§ Stored data

....................

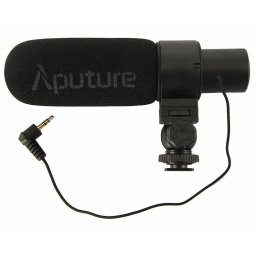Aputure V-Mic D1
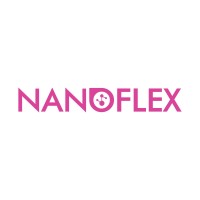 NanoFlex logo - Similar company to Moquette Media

....................

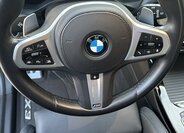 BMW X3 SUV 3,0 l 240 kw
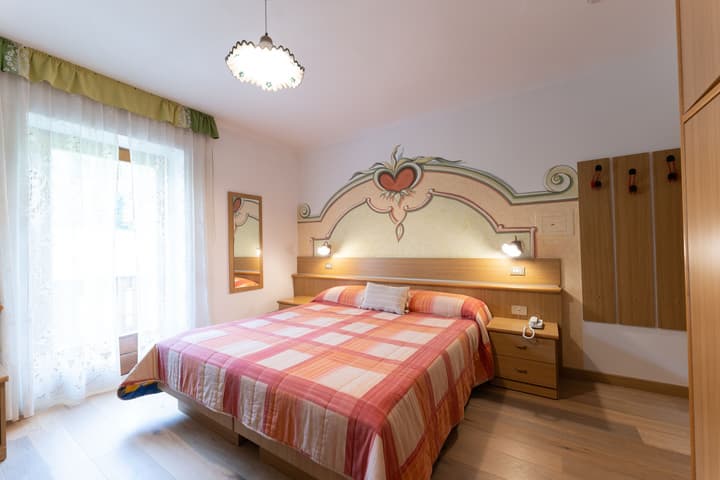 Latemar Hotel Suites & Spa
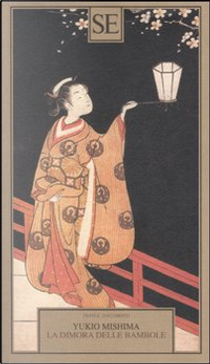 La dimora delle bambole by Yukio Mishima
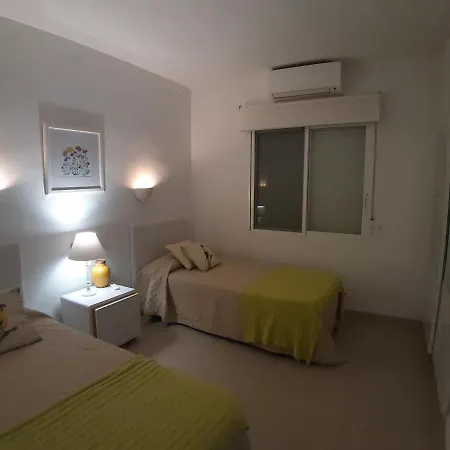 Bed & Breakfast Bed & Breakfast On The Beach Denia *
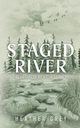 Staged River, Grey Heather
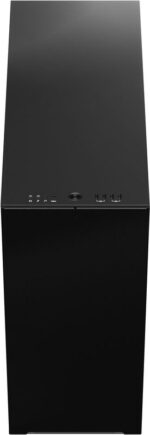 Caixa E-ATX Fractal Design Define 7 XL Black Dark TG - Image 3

....................

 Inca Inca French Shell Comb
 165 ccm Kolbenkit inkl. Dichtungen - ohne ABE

....................

§ What is expected
Copy the lines above between the one holding "La dimora delle bambole by Yukio Mishima" and the one holding "Caixa E-ATX Fractal", inclusive. Drop the pictures.

§ Result of the task
 La dimora delle bambole by Yukio Mishima
 Bed & Breakfast Bed & Breakfast On The Beach Denia *
 Staged River, Grey Heather
 Caixa E-ATX Fractal Design Define 7 XL Black Dark TG - Image 3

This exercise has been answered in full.